Ngai Tai ki Tāmaki is back in court for what it calls the unlawful granting of concessions on DOC land in its region.
Iwi Chairman James Brown says, "For Ngai Tai in, particularly in its ancestral landscapes of Rangitoto and Motutapu, we firmly believe we are the keepers of manaakitanga (hospitality) and kaitiakitanga (guardianship) in those landscapes."
Brown says as mana whenua iwi should have exclusive tourism rights on the islands and a right to veto commercial operations.
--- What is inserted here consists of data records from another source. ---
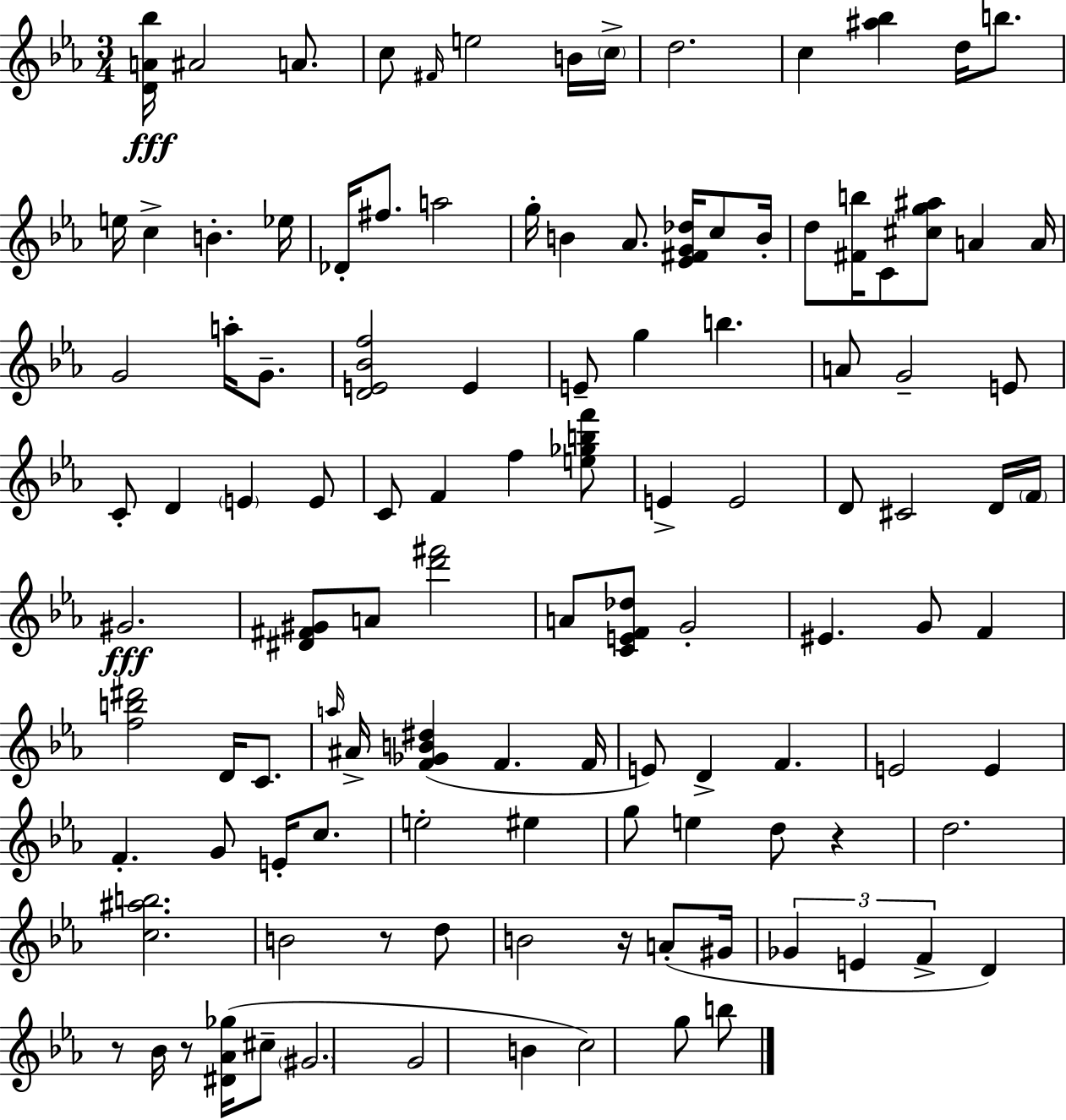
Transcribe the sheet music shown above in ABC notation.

X:1
T:Untitled
M:3/4
L:1/4
K:Cm
[DA_b]/4 ^A2 A/2 c/2 ^F/4 e2 B/4 c/4 d2 c [^a_b] d/4 b/2 e/4 c B _e/4 _D/4 ^f/2 a2 g/4 B _A/2 [_E^FG_d]/4 c/2 B/4 d/2 [^Fb]/4 C/2 [^cg^a]/2 A A/4 G2 a/4 G/2 [DE_Bf]2 E E/2 g b A/2 G2 E/2 C/2 D E E/2 C/2 F f [e_gbf']/2 E E2 D/2 ^C2 D/4 F/4 ^G2 [^D^F^G]/2 A/2 [d'^f']2 A/2 [CEF_d]/2 G2 ^E G/2 F [fb^d']2 D/4 C/2 a/4 ^A/4 [F_GB^d] F F/4 E/2 D F E2 E F G/2 E/4 c/2 e2 ^e g/2 e d/2 z d2 [c^ab]2 B2 z/2 d/2 B2 z/4 A/2 ^G/4 _G E F D z/2 _B/4 z/2 [^D_A_g]/4 ^c/2 ^G2 G2 B c2 g/2 b/2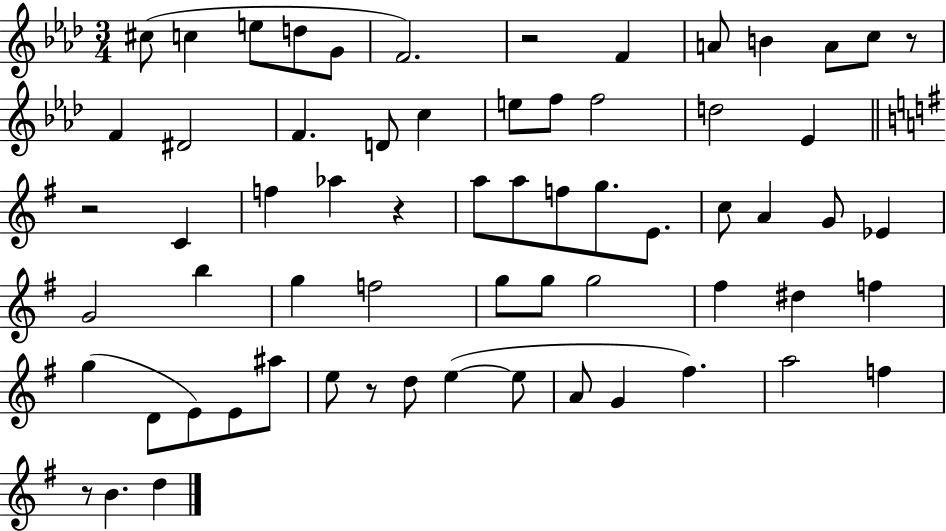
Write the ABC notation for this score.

X:1
T:Untitled
M:3/4
L:1/4
K:Ab
^c/2 c e/2 d/2 G/2 F2 z2 F A/2 B A/2 c/2 z/2 F ^D2 F D/2 c e/2 f/2 f2 d2 _E z2 C f _a z a/2 a/2 f/2 g/2 E/2 c/2 A G/2 _E G2 b g f2 g/2 g/2 g2 ^f ^d f g D/2 E/2 E/2 ^a/2 e/2 z/2 d/2 e e/2 A/2 G ^f a2 f z/2 B d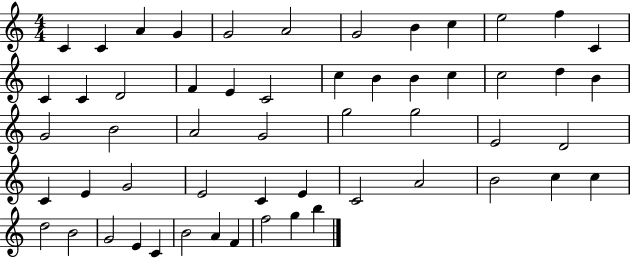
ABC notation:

X:1
T:Untitled
M:4/4
L:1/4
K:C
C C A G G2 A2 G2 B c e2 f C C C D2 F E C2 c B B c c2 d B G2 B2 A2 G2 g2 g2 E2 D2 C E G2 E2 C E C2 A2 B2 c c d2 B2 G2 E C B2 A F f2 g b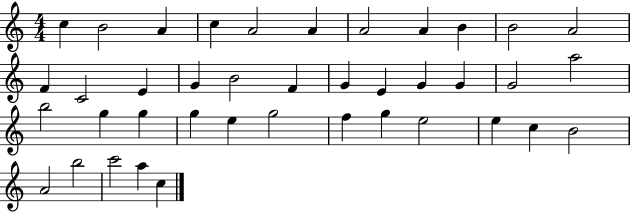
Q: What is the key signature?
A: C major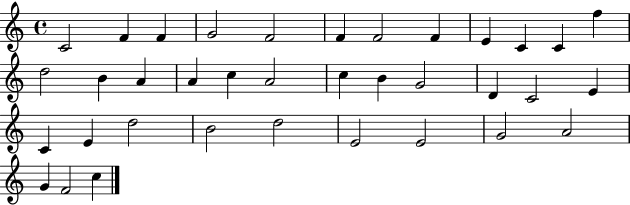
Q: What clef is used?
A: treble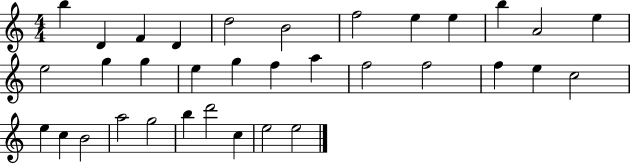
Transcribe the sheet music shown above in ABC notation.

X:1
T:Untitled
M:4/4
L:1/4
K:C
b D F D d2 B2 f2 e e b A2 e e2 g g e g f a f2 f2 f e c2 e c B2 a2 g2 b d'2 c e2 e2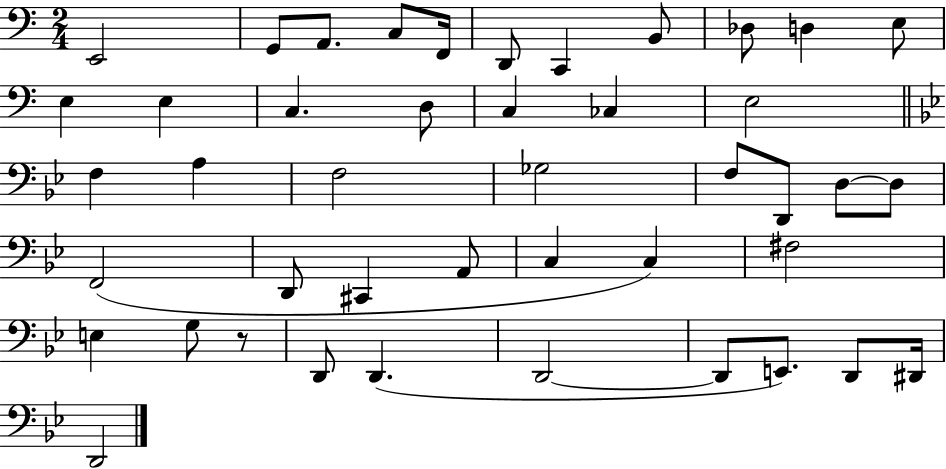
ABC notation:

X:1
T:Untitled
M:2/4
L:1/4
K:C
E,,2 G,,/2 A,,/2 C,/2 F,,/4 D,,/2 C,, B,,/2 _D,/2 D, E,/2 E, E, C, D,/2 C, _C, E,2 F, A, F,2 _G,2 F,/2 D,,/2 D,/2 D,/2 F,,2 D,,/2 ^C,, A,,/2 C, C, ^F,2 E, G,/2 z/2 D,,/2 D,, D,,2 D,,/2 E,,/2 D,,/2 ^D,,/4 D,,2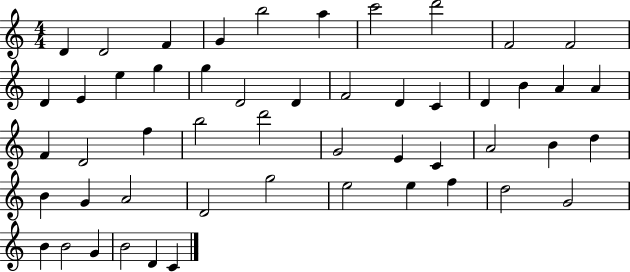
D4/q D4/h F4/q G4/q B5/h A5/q C6/h D6/h F4/h F4/h D4/q E4/q E5/q G5/q G5/q D4/h D4/q F4/h D4/q C4/q D4/q B4/q A4/q A4/q F4/q D4/h F5/q B5/h D6/h G4/h E4/q C4/q A4/h B4/q D5/q B4/q G4/q A4/h D4/h G5/h E5/h E5/q F5/q D5/h G4/h B4/q B4/h G4/q B4/h D4/q C4/q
The case has already been before the High Court and the Court of Appeal.
Brown says, "We asked if there was an error of law committed in the granting of concessions on those islands, the answer was yes, however it was a funny decision insofar as Judge [John] Fogarty then said, 'however, they then upheld the principles of the Treaty,' which we refute."
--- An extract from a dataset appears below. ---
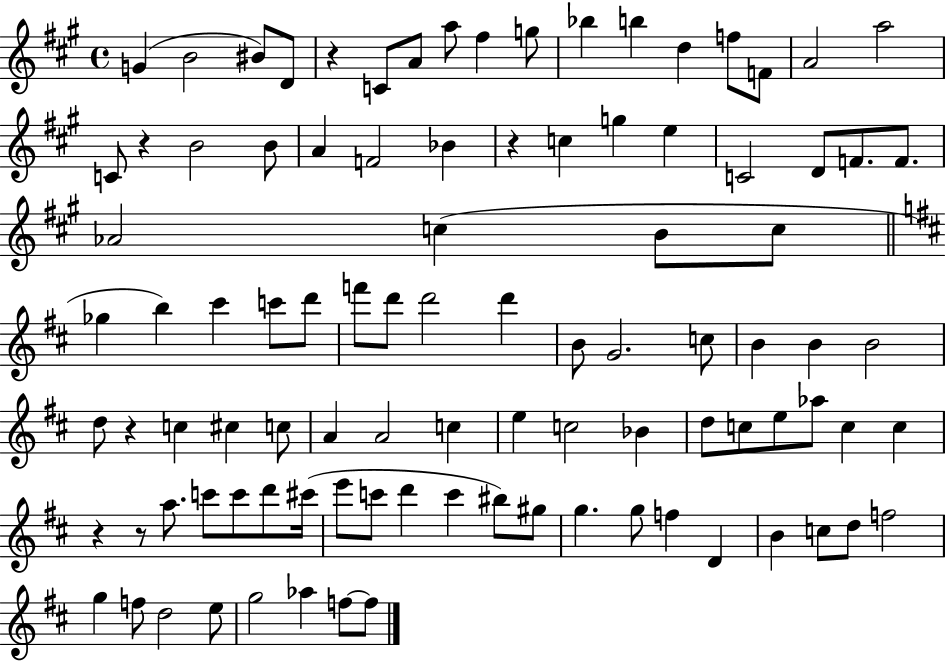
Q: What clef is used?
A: treble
Treaty Negotiations Minister Andrew Little says, "I don't know the detail in terms of the concession but I'd be surprised if DOC didn't consult with Ngai Tai ki Tāmaki. It is a mana whenua issue and they have a right to have their voice heard on those sorts of issues."
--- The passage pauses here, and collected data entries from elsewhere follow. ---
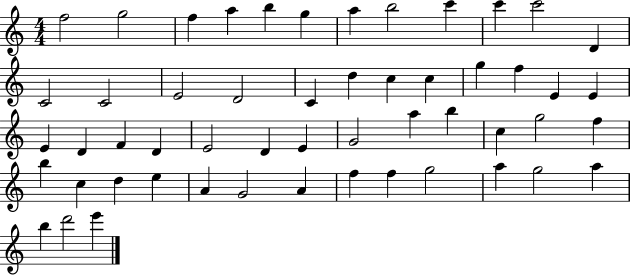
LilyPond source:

{
  \clef treble
  \numericTimeSignature
  \time 4/4
  \key c \major
  f''2 g''2 | f''4 a''4 b''4 g''4 | a''4 b''2 c'''4 | c'''4 c'''2 d'4 | \break c'2 c'2 | e'2 d'2 | c'4 d''4 c''4 c''4 | g''4 f''4 e'4 e'4 | \break e'4 d'4 f'4 d'4 | e'2 d'4 e'4 | g'2 a''4 b''4 | c''4 g''2 f''4 | \break b''4 c''4 d''4 e''4 | a'4 g'2 a'4 | f''4 f''4 g''2 | a''4 g''2 a''4 | \break b''4 d'''2 e'''4 | \bar "|."
}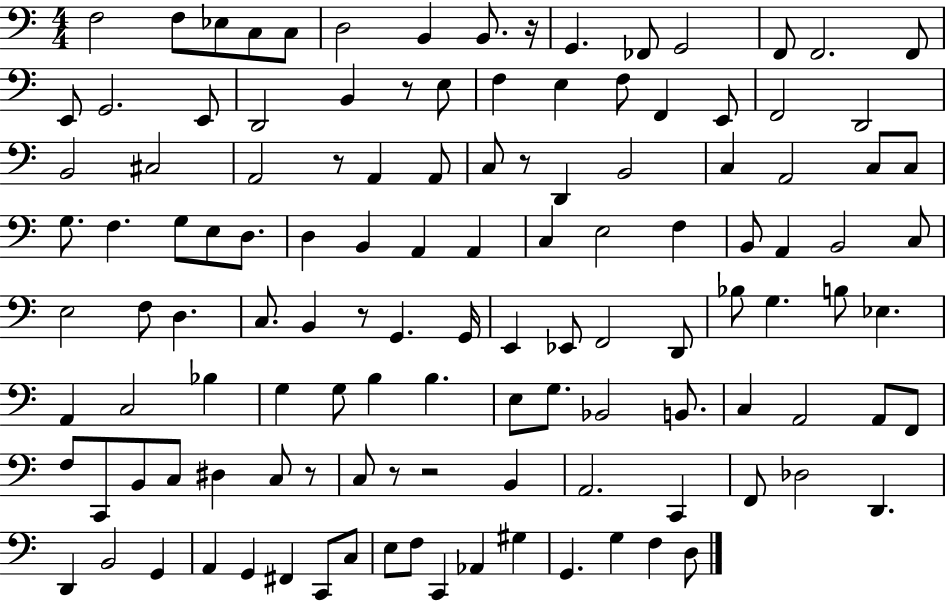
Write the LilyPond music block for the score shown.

{
  \clef bass
  \numericTimeSignature
  \time 4/4
  \key c \major
  f2 f8 ees8 c8 c8 | d2 b,4 b,8. r16 | g,4. fes,8 g,2 | f,8 f,2. f,8 | \break e,8 g,2. e,8 | d,2 b,4 r8 e8 | f4 e4 f8 f,4 e,8 | f,2 d,2 | \break b,2 cis2 | a,2 r8 a,4 a,8 | c8 r8 d,4 b,2 | c4 a,2 c8 c8 | \break g8. f4. g8 e8 d8. | d4 b,4 a,4 a,4 | c4 e2 f4 | b,8 a,4 b,2 c8 | \break e2 f8 d4. | c8. b,4 r8 g,4. g,16 | e,4 ees,8 f,2 d,8 | bes8 g4. b8 ees4. | \break a,4 c2 bes4 | g4 g8 b4 b4. | e8 g8. bes,2 b,8. | c4 a,2 a,8 f,8 | \break f8 c,8 b,8 c8 dis4 c8 r8 | c8 r8 r2 b,4 | a,2. c,4 | f,8 des2 d,4. | \break d,4 b,2 g,4 | a,4 g,4 fis,4 c,8 c8 | e8 f8 c,4 aes,4 gis4 | g,4. g4 f4 d8 | \break \bar "|."
}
Conservation Minister Eugenie Sage was not willing to comment about the case before the court, her stance on Treaty breaches or whether or not she believes conservation has been put before the Treaty.
"As you know, it's before the courts so I can't make any comment."
In December the iwi also accused DOC of covering up the illegal burial of cows by a farmer on Motutapu.
Heritage New Zealand is investigating.
Brown says, "the whole burial was unconsented, the burial then compromised a midden site- hence, the interaction we've had with Heritage New Zealand."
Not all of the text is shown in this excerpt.